Between 1814 and 1816, the battles of the war for Independence turned Caroya into the first bladed weapon factory in the country. It was a supplier of bayonet spikes for the Northern Army. In 1854, the national government took possession of the venue. In 1876, Nicolás Avellaneda’s administration resolved to shelter Italian immigrants coming from Friuli. In 1878, the new colonists who had already settled down in the
quarters began to organize a village very close to the main house.
The entire residence revolves around an ample central yard boasting two huge palm trees at the entrance, followed by a lush garden giving off the sweet aroma of elm trees, orange trees and palm trees. Next to the chapel, the area where the fishing nets are hung, the dam, the remains of the mill house and the irrigation ditches, in addition to the area devoted to the orchard, represent an outstanding sample of residential architecture in the rural environment. Its buildings feature the typical architectural traits of the seventeenth, eighteenth and nineteenth centuries, marked by the different stages in the use of the house.
Consequently, the multi-theme museum and the interpretation center of the
estancia managed by the Cultural Heritage Office of the Province of Córdoba become quite significant. The objects and furniture inside the ten rooms that make up the cloisters give testimony of the different periods.
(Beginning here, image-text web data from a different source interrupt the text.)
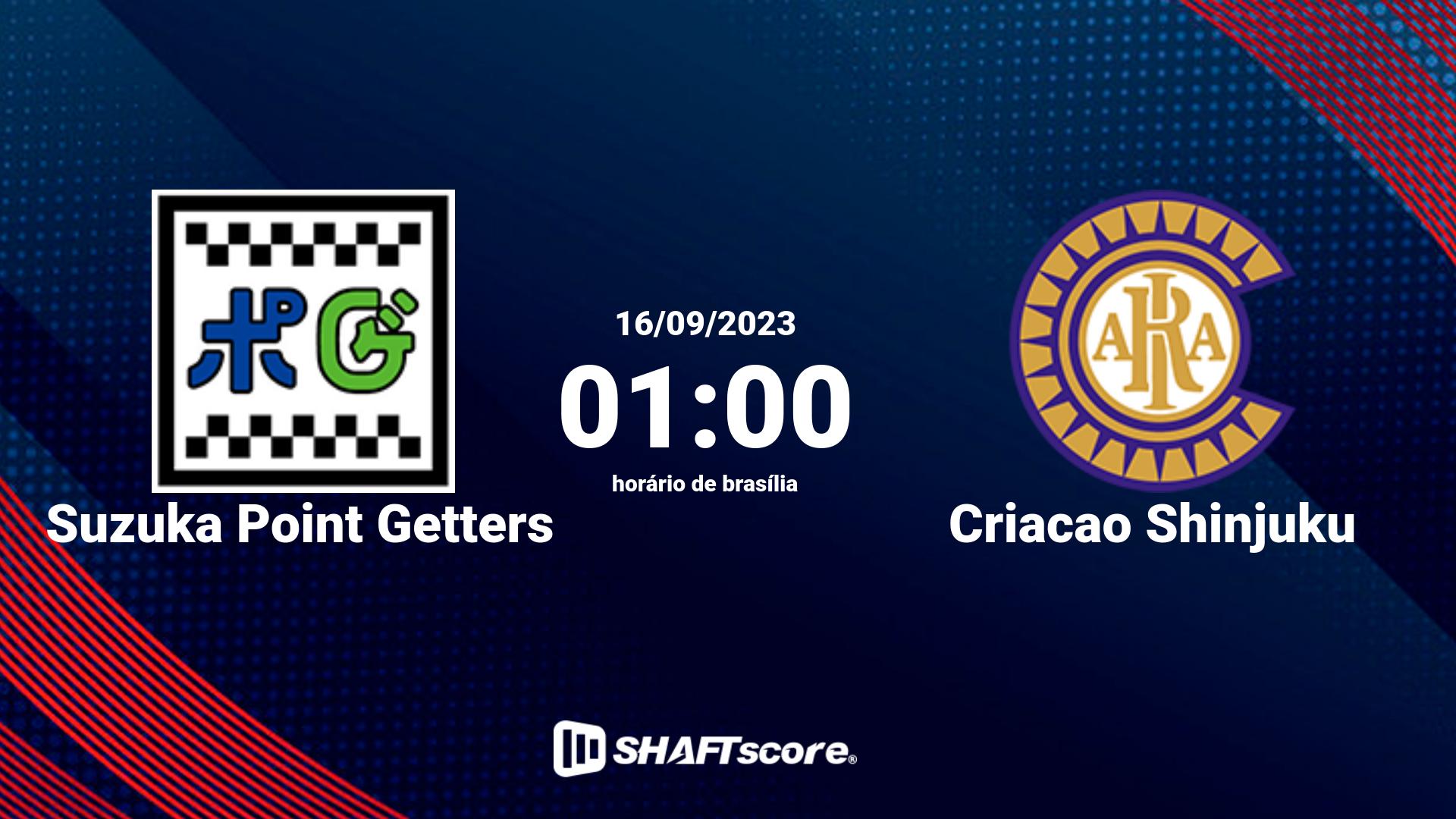 Estatísticas do jogo Suzuka Point Getters vs Criacao Shinjuku 16.09 01:00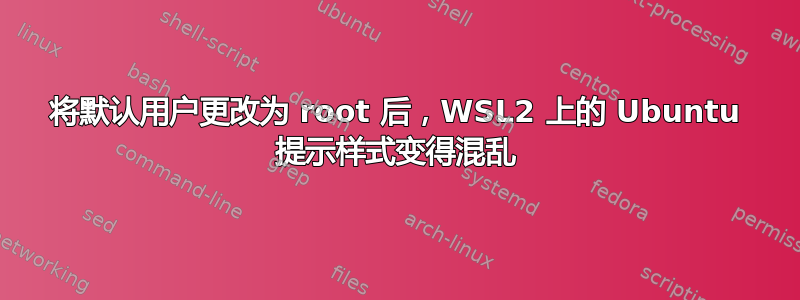 将默认用户更改为 root 后，WSL2 上的 Ubuntu 提示样式变得混乱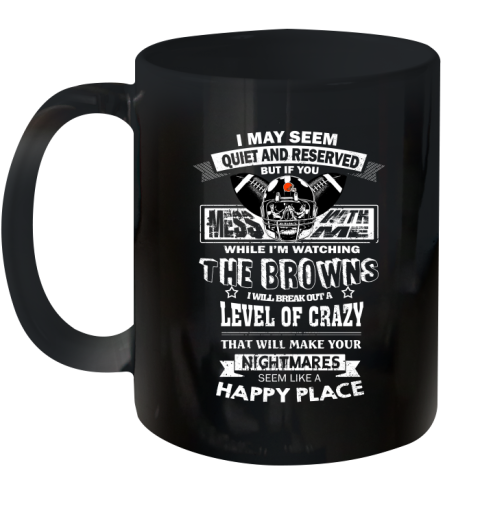 Cleveland Browns NFL Football If You Mess With Me While I'm Watching My Team Ceramic Mug 11oz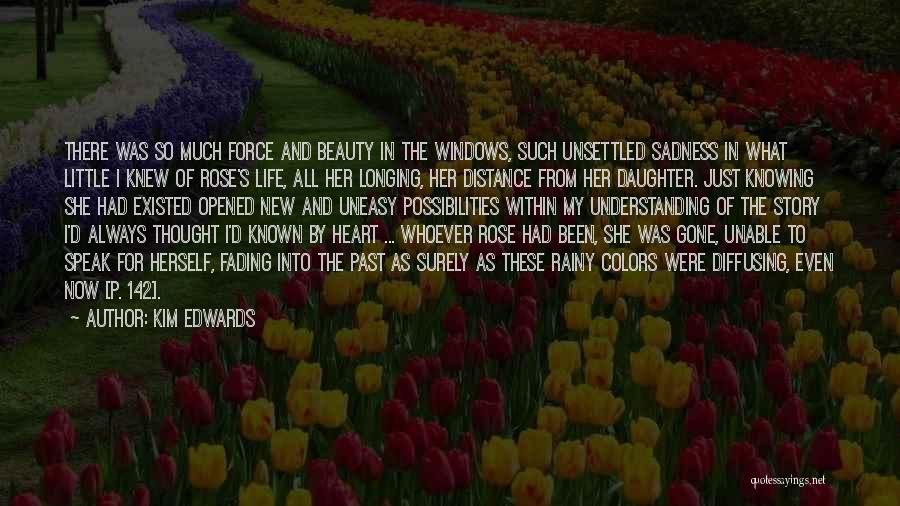 Kim Edwards Quotes: There Was So Much Force And Beauty In The Windows, Such Unsettled Sadness In What Little I Knew Of Rose's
Wooden chests,
fraileros (armchairs of the Renaissance),
Cusqueña paintings and the image of Saint Raymund Nonnatus in polychrome wood were true witnesses to the days of rest spent by the pupils at the Monserrat.
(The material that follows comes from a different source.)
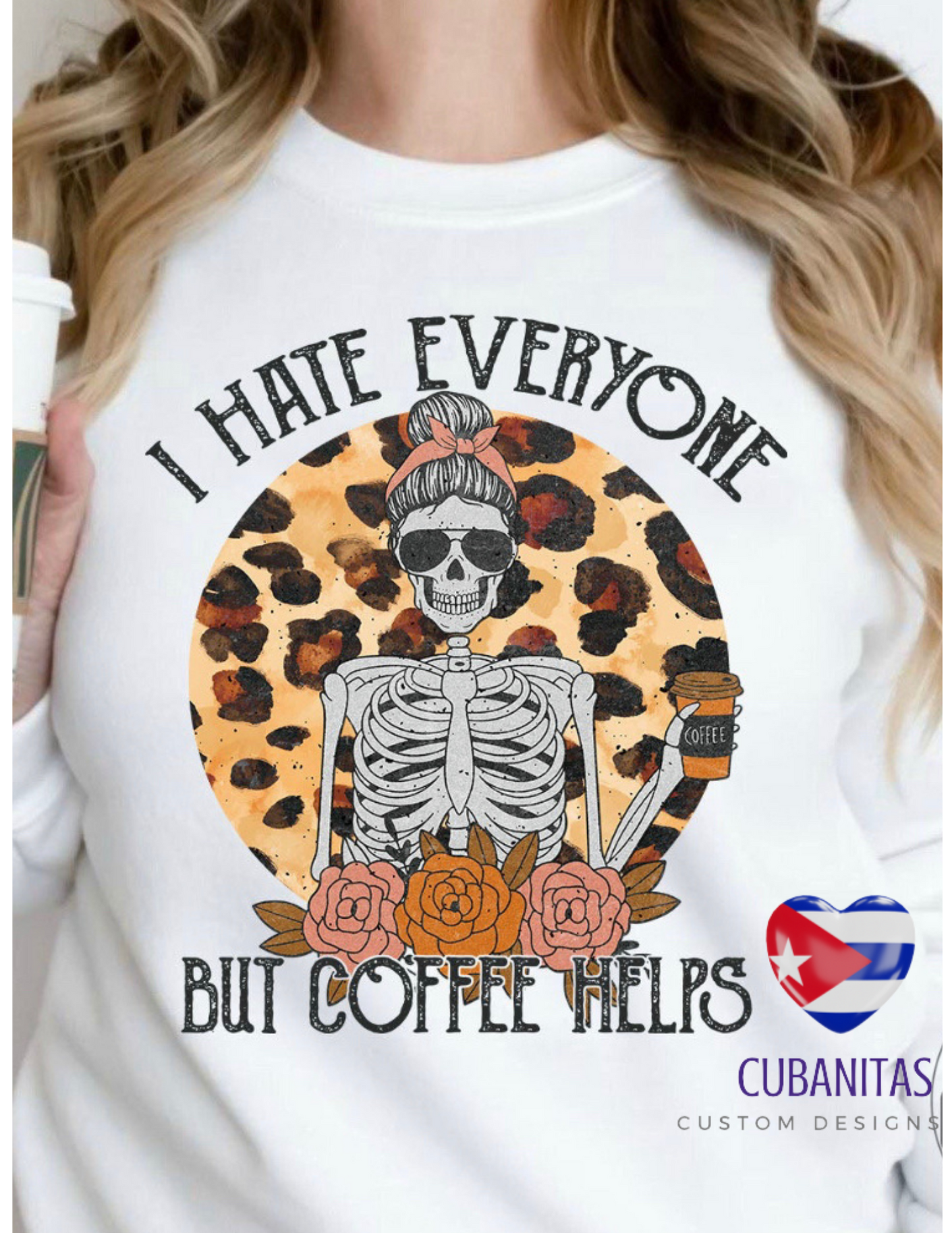 i hate everyone but coffee hhelps- shirt
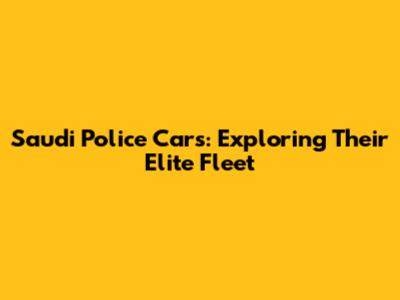 Saudi Police Cars: Exploring Their Elite Fleet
La Estancia de Caroya The chapel, which dates from the seventeenth century, presents stone walls and only one image of the Virgin of Monserrat at the altar: an invitation to seclusion.
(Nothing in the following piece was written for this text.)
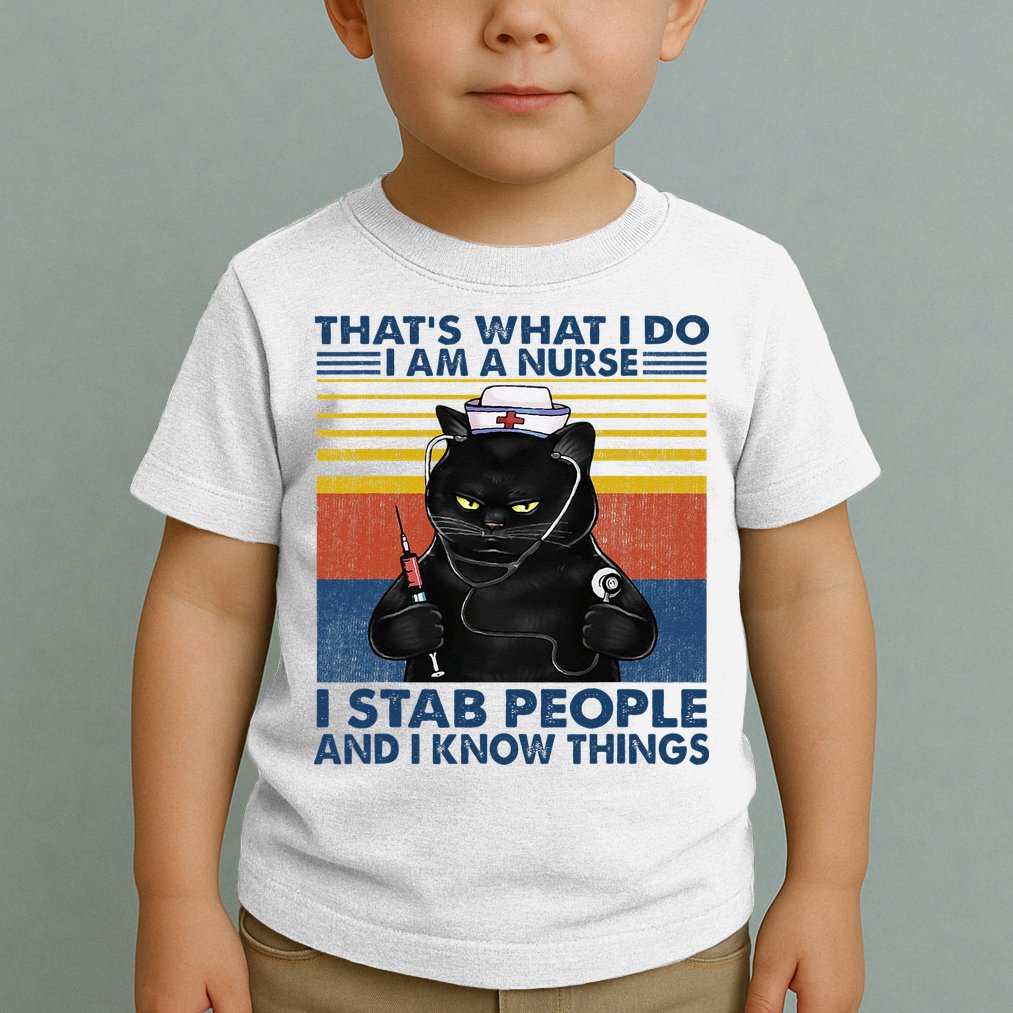 Thats What I Do I Am A Nurse I Stab People Cats Nursing Toddler T-Shirt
Weapon enthusiasts may go around the halls and the gallery where war items such as 1879 Remington and 1850 Charleville carabines, an 1857 Smith shotgun, as well as sabers and swords from the days of the Revolution, are on display.
Friulian influence is evident in the house bedroom furniture, trunks, spinning wheels and other domestic artifacts. Likewise, a huge barrel with a grape press reveals the produce of Caroya, where the descendants of those immigrants still make the famous
Frambua wine.
After years of history, the silence and pleasant corners of Caroya shelter the spirit of each of
the Jesuit estancias.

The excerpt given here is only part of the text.